Note that the wave function renormalisation constants \(\delta Z^{\tilde{u}}_{st}\) in Eq. (25), and \(\delta Z^{L/R}_{ij}\) in Eq. (27) have a vanishing denominator in case of equal masses for quarks i and j and squarks s and t. This in particular turns out to be a problem when the first and second generation quark masses are set to zero.
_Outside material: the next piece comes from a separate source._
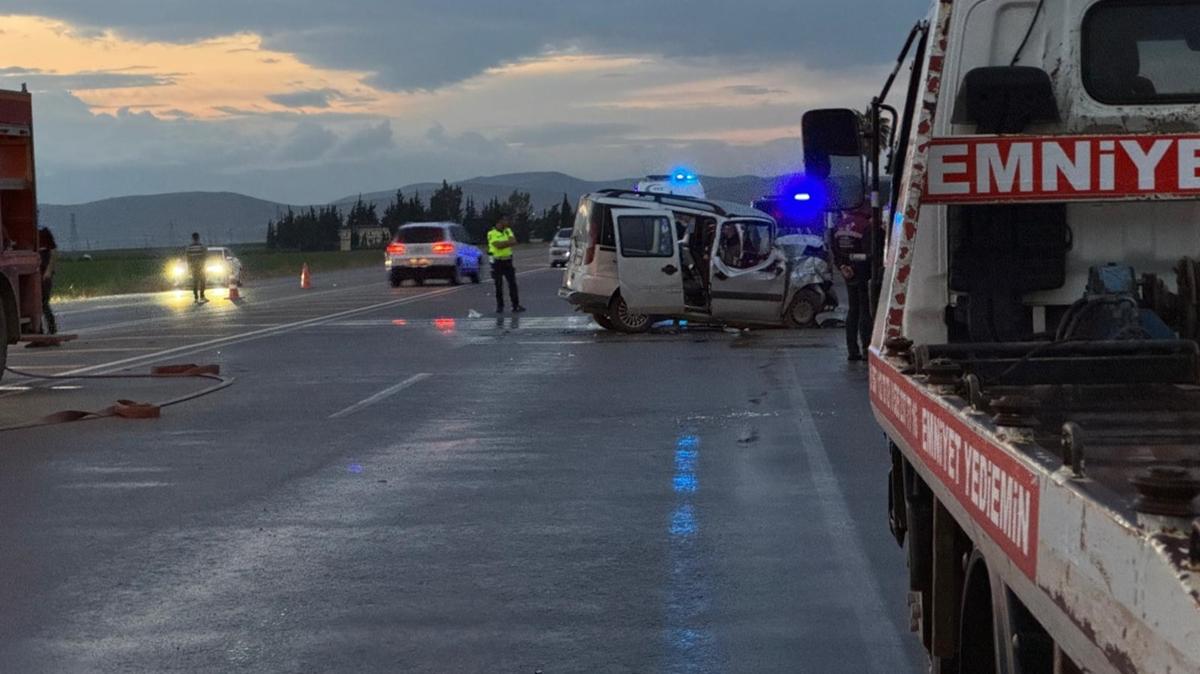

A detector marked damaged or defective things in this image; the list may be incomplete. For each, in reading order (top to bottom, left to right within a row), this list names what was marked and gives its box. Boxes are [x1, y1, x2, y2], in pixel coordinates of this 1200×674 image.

damaged white van [556, 189, 830, 331]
If both the fields and the mixing matrices are renormalised on-shell, however, this problem does not occur, as the combination of the renormalisation constants is non-singular; see e.g. Ref. [113]. For degenerate fermions we hence make the replacement (\(i,j=1,2,3\))
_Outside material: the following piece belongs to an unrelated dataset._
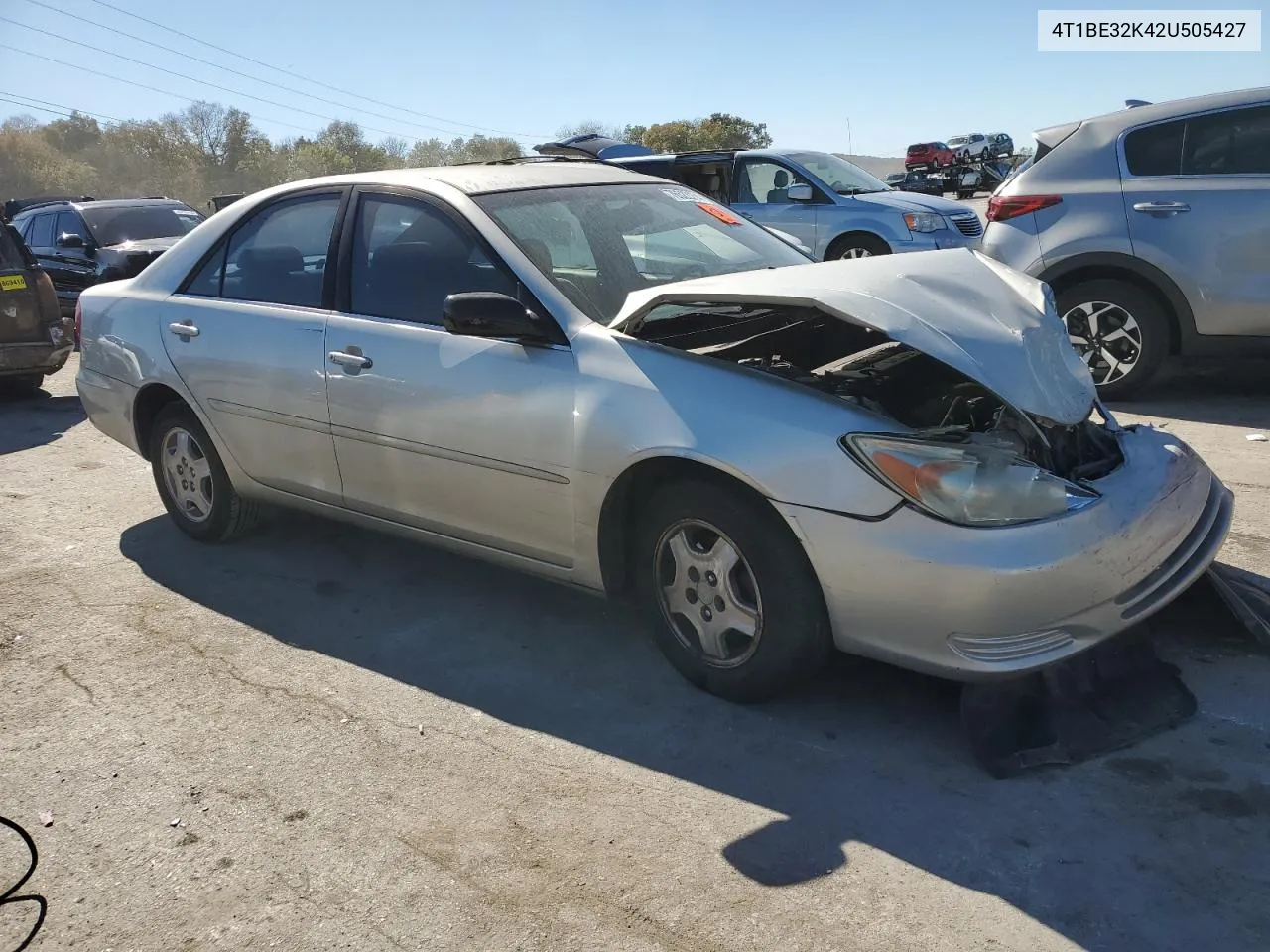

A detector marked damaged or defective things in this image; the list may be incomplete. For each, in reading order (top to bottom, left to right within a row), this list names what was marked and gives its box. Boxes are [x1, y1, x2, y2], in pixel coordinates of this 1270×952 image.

crumpled hood [863, 188, 969, 215]
crumpled hood [609, 250, 1096, 423]
cracked pavement [2, 360, 1270, 952]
$$\begin{aligned}&\frac{\delta Z_{ij}^{L/R \dagger }}{2} + \delta u_{ij}^{L/R}\nonumber \\&=\frac{1}{4} \left( \delta Z_{ij}^{L/R} + \delta Z_{ij}^{L/R\dagger } \right) \mathop {\longrightarrow }\limits ^{m_{u_i}= m_{u_j}} - \frac{1}{2} \left[ \text{ Re } \Sigma ^{L/R}_{ij} \left( m_{u_i}^2\right) \right. \nonumber \\&\quad - m_{u_i} \frac{\partial }{\partial p^2} \text{ Re } \left( m_{u_i} \left( \Sigma ^{L/R}_{ij} (p^2) + \Sigma ^{R/L}_{ij} (p^2) \right) \right. \nonumber \\&\quad \left. \left. \left. + \Sigma ^{L/Rs}_{ij} (p^2) + \Sigma ^{R/Ls}_{ij} (p^2) \right) \right] \right| _{p^2=m_{u_i}^2} \end{aligned}$$

(37)

and

$$\begin{aligned}&\frac{1}{2} \delta Z_{ij}^{L/R\dagger } m_{u_j} + \delta u_{ij}^{R/L} m_{u_i} = \frac{1}{2} \delta Z_{ij}^{L/R\dagger } m_{u_j}\nonumber \\&\quad + \frac{1}{4} (\delta Z^{R/L}_{ij} - \delta Z_{ij}^{R/L\dagger }) m_{u_i} \nonumber \\&\quad \mathop {\longrightarrow }\limits ^{m_{u_i}= m_{u_j}} \frac{1}{2} \text{ Re } \left[ m_{u_i} \Sigma ^{R/L}_{ij} (m_{u_i}^2) + 2 \Sigma _{ij}^{R/Ls} (m_{u_i}^2) \right] \nonumber \\&\quad - \frac{1}{2} \frac{\partial }{\partial p^2} \text{ Re } \left[ m_{u_i}^3 \Sigma _{ij}^{L/R} +m_{u_i}^3 \Sigma _{ij}^{R/L} (p^2) \right. \nonumber \\&\quad \left. \left. + m_{u_i}^2 \Sigma ^{L/Rs}_{ij} (p^2) + m_{u_i}^2 \Sigma ^{R/Ls}_{ij} (p^2) \right] \right| _{p^2=m_{u_i}^2}.\nonumber \\ \end{aligned}$$

(38)

In Eqs. (37) and (38) we do not sum over common indices. In the derivation of these equations we have used

$$\begin{aligned} \delta Z_{ij}^\dagger = \delta Z_{ij} (m_{u_i}^2 \leftrightarrow m_{u_j}^2) \end{aligned}$$

(39)

in Eq. (27). This relation follows from the hermiticity of the Lagrangian, implying that the self-energies obey \(\Sigma _{ij} = \gamma _0 \Sigma _{ij}^\dagger \gamma _0\). For degenerate squark masses we use (\(s,t=1,\ldots ,6\))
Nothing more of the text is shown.